§ **EXERCISE**
From the line with "Building Photo - 2136 S 14th Ave" to the line with "Antiquités - Vitrine en acajou", output every line below exactly, both ends included. Skip the pictures.

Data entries
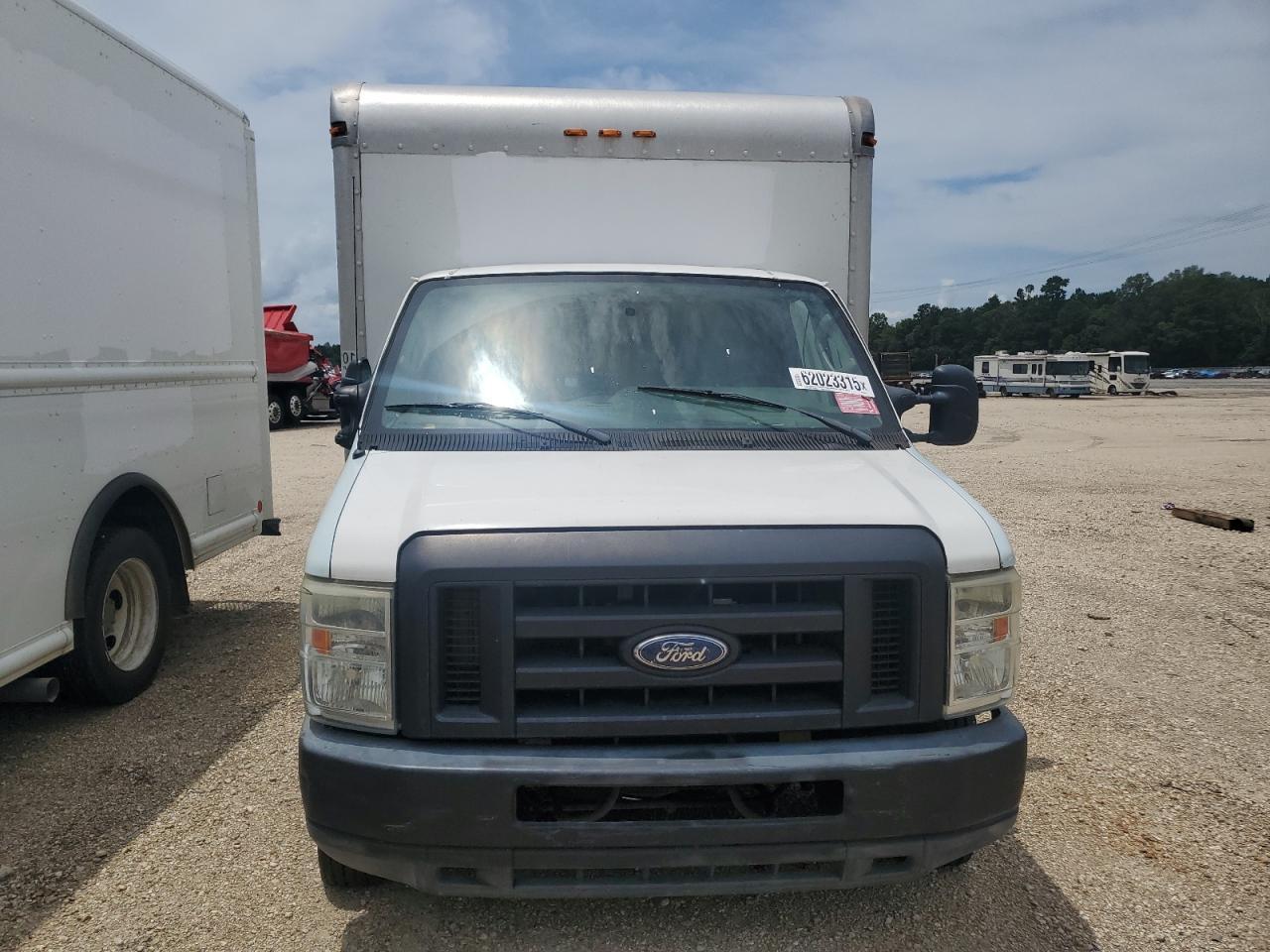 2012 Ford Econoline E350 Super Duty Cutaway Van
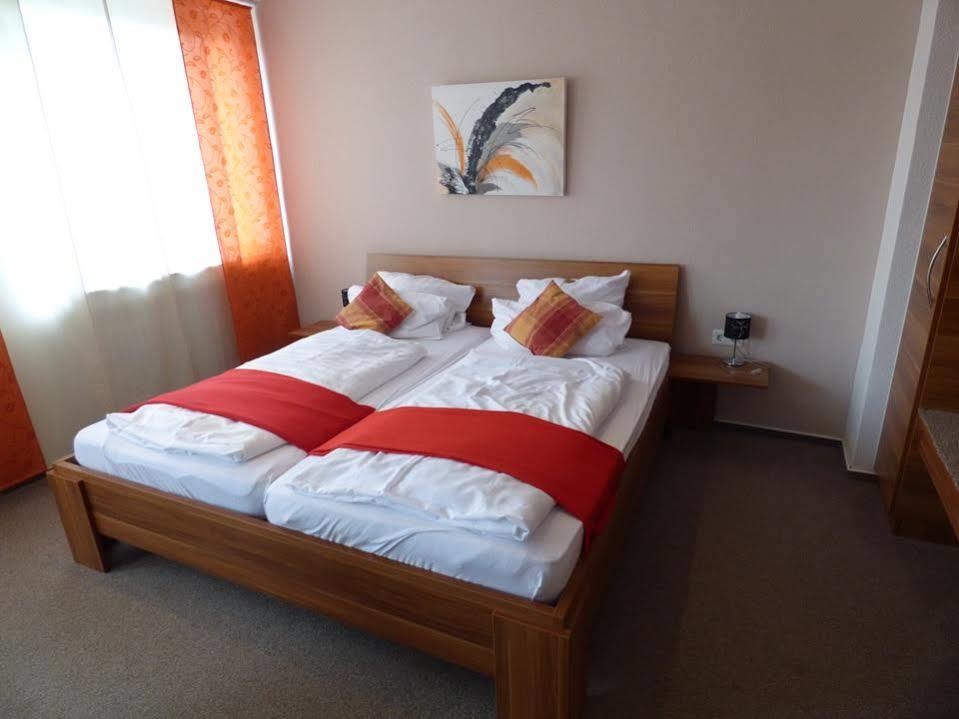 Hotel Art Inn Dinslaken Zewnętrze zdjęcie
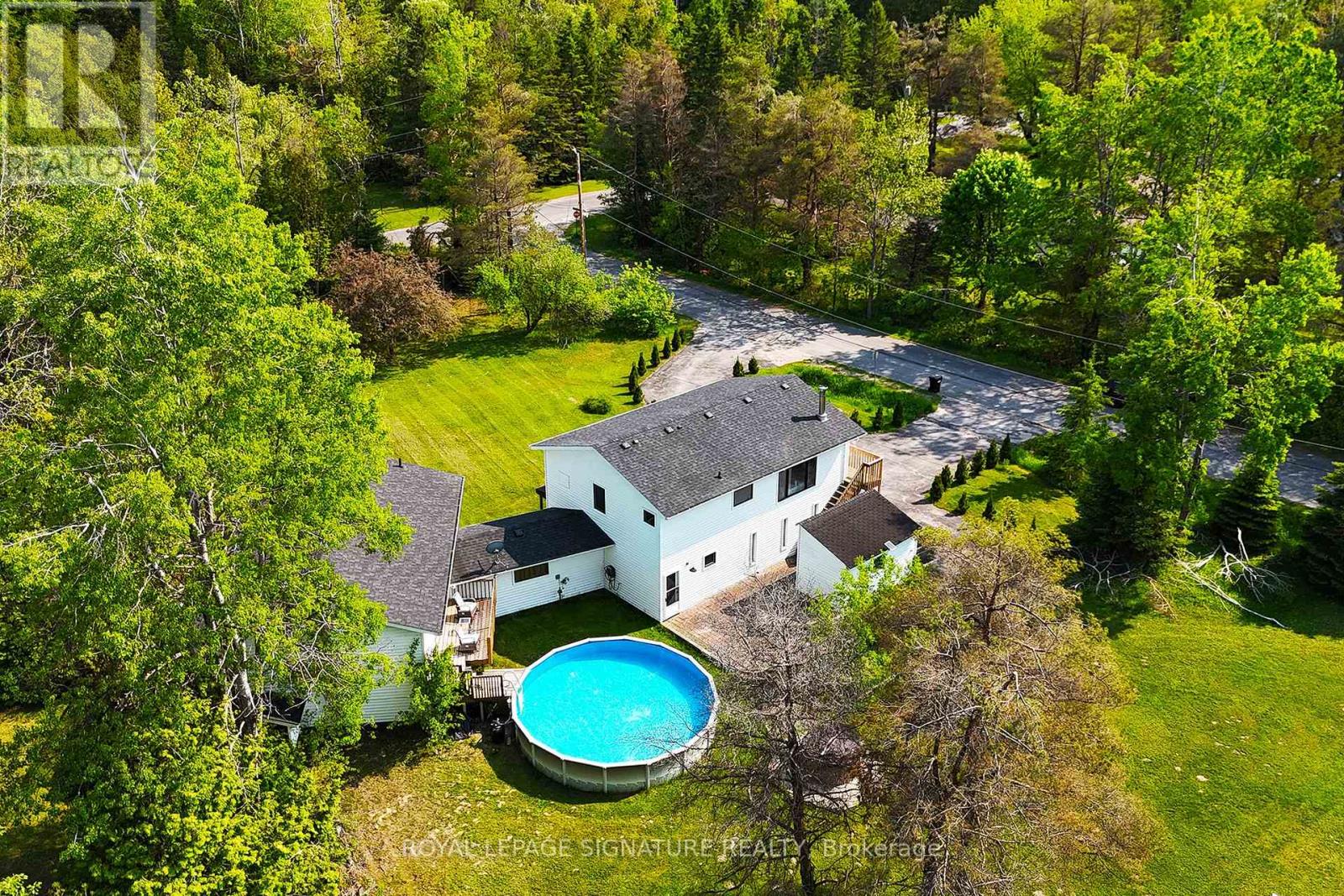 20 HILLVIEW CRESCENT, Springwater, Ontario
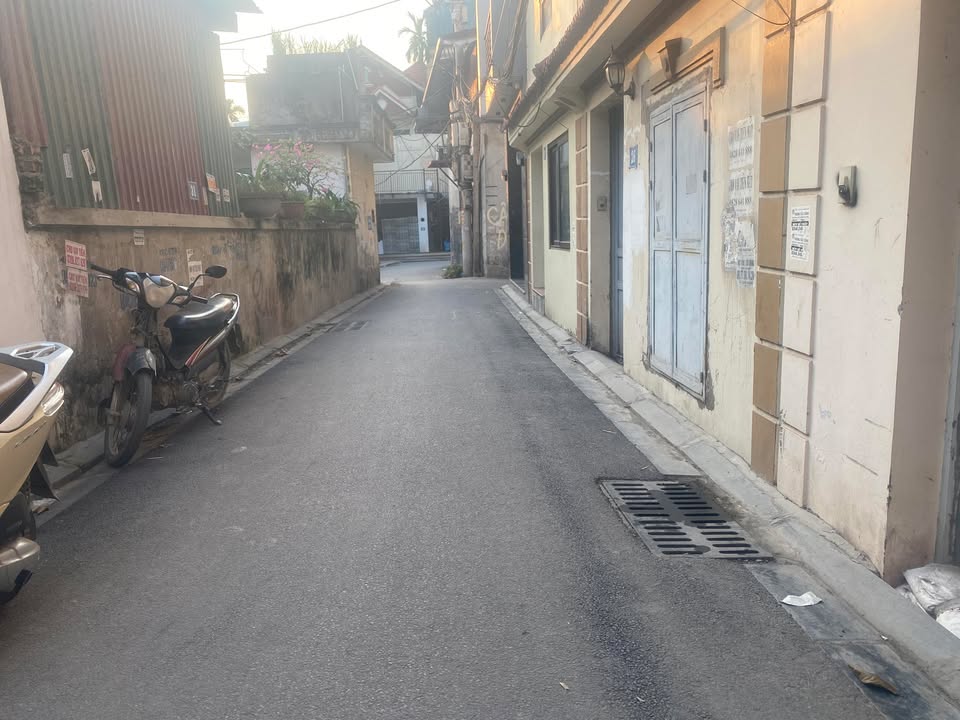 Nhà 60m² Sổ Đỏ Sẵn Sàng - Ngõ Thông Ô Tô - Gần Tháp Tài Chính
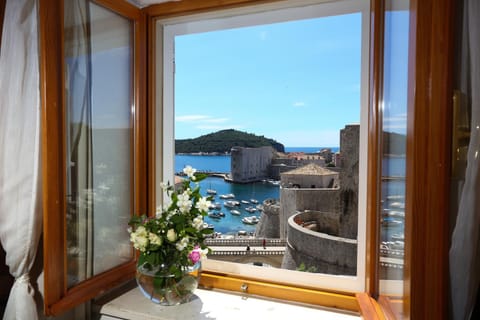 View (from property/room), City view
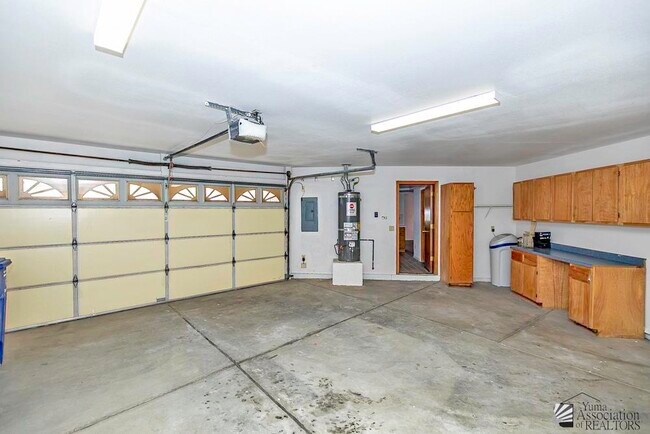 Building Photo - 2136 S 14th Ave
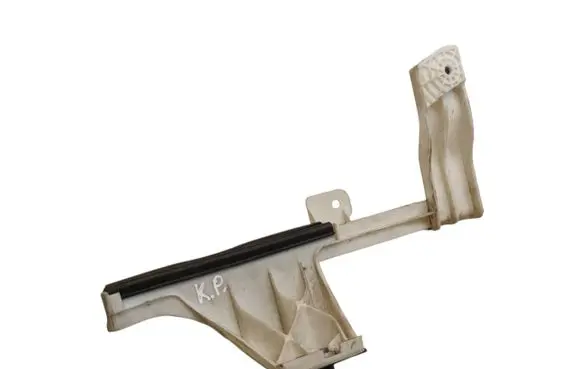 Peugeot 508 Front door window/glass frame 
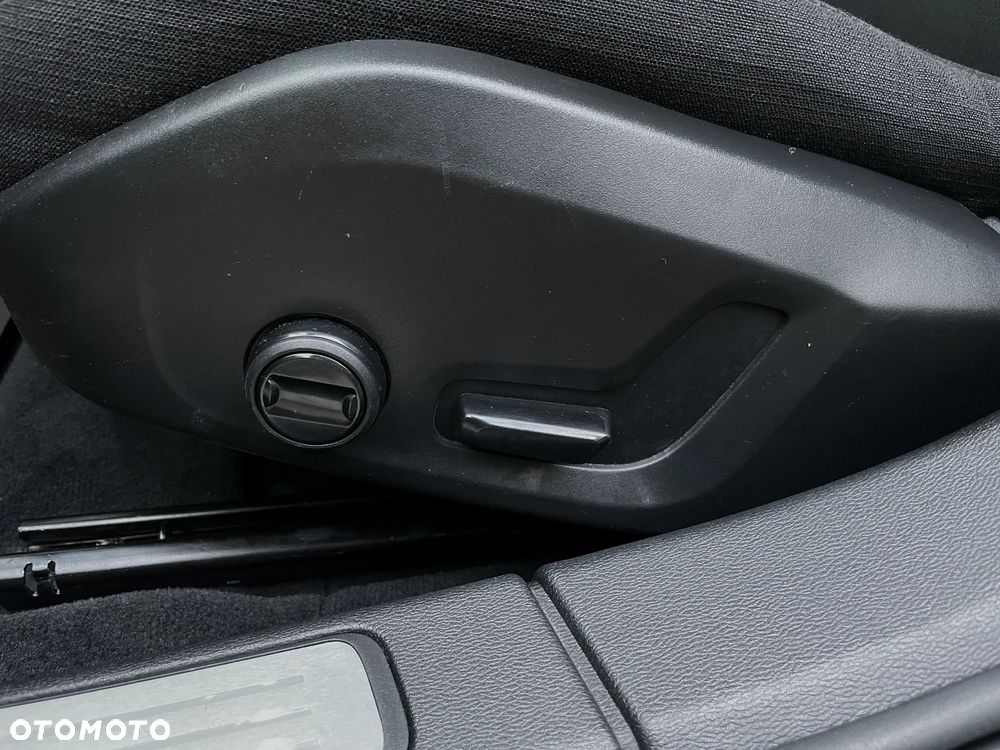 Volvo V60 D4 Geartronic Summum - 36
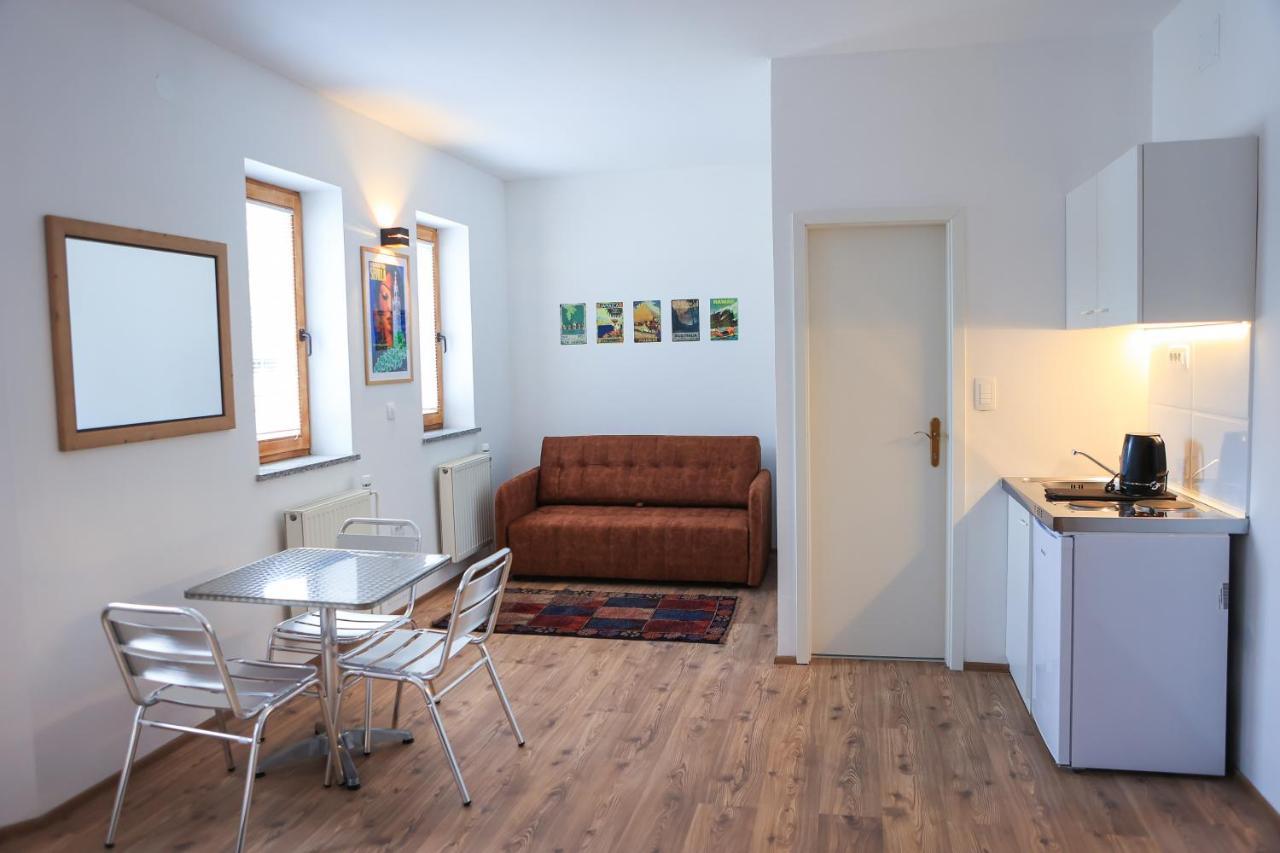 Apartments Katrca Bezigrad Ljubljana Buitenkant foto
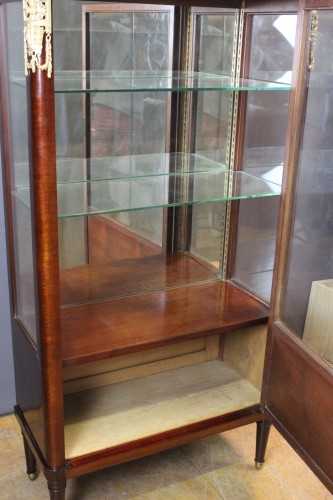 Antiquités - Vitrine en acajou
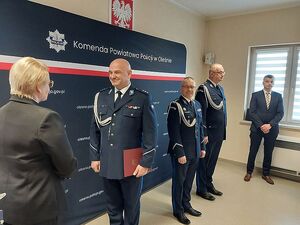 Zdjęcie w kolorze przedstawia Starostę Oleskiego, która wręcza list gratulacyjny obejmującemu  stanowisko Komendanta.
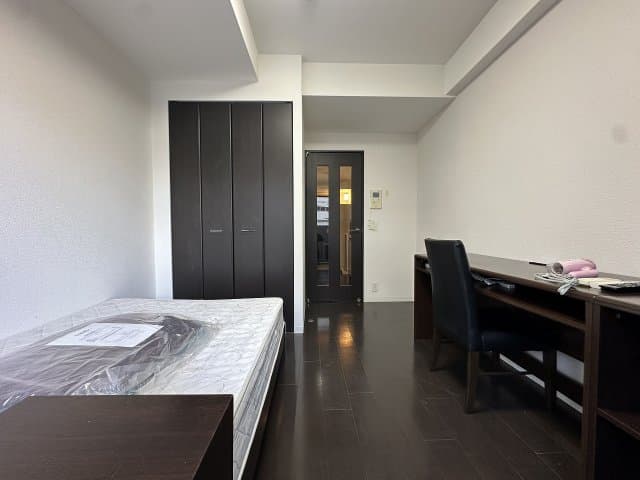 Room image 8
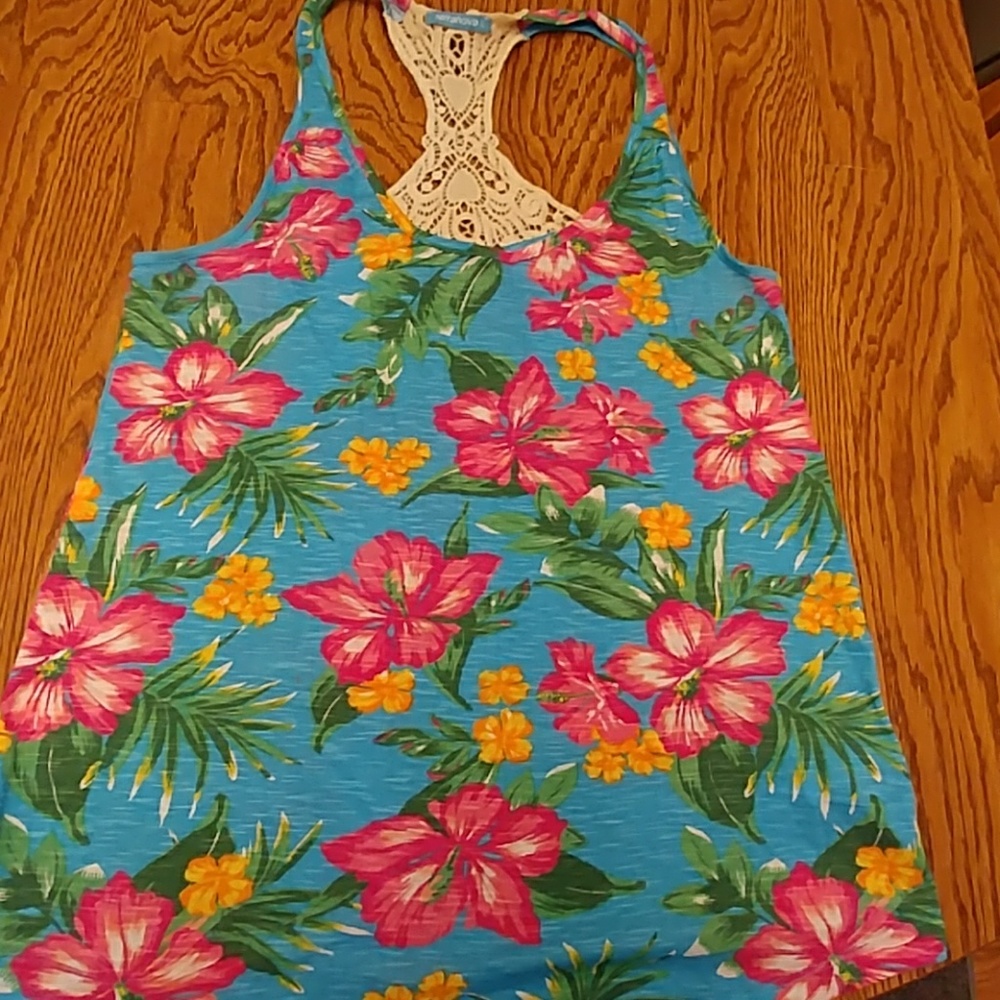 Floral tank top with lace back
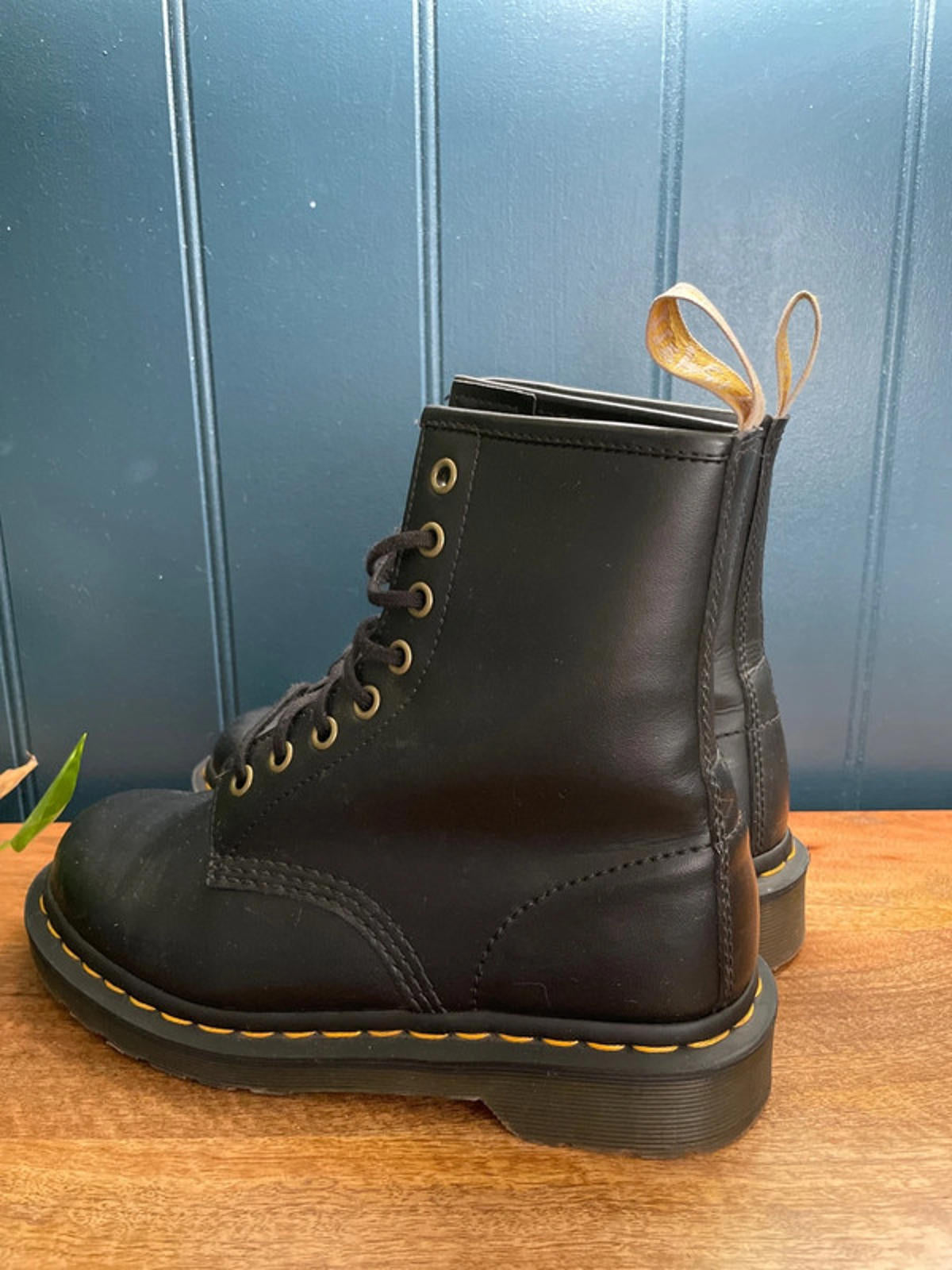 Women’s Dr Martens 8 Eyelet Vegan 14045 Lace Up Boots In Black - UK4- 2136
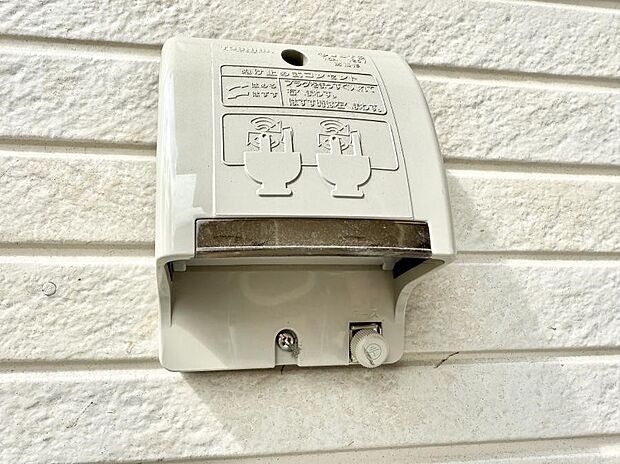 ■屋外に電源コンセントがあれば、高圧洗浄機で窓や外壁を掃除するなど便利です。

§ **PROBLEM SOLUTION**
 Building Photo - 2136 S 14th Ave
 Peugeot 508 Front door window/glass frame 
 Volvo V60 D4 Geartronic Summum - 36
 Apartments Katrca Bezigrad Ljubljana Buitenkant foto
 Antiquités - Vitrine en acajou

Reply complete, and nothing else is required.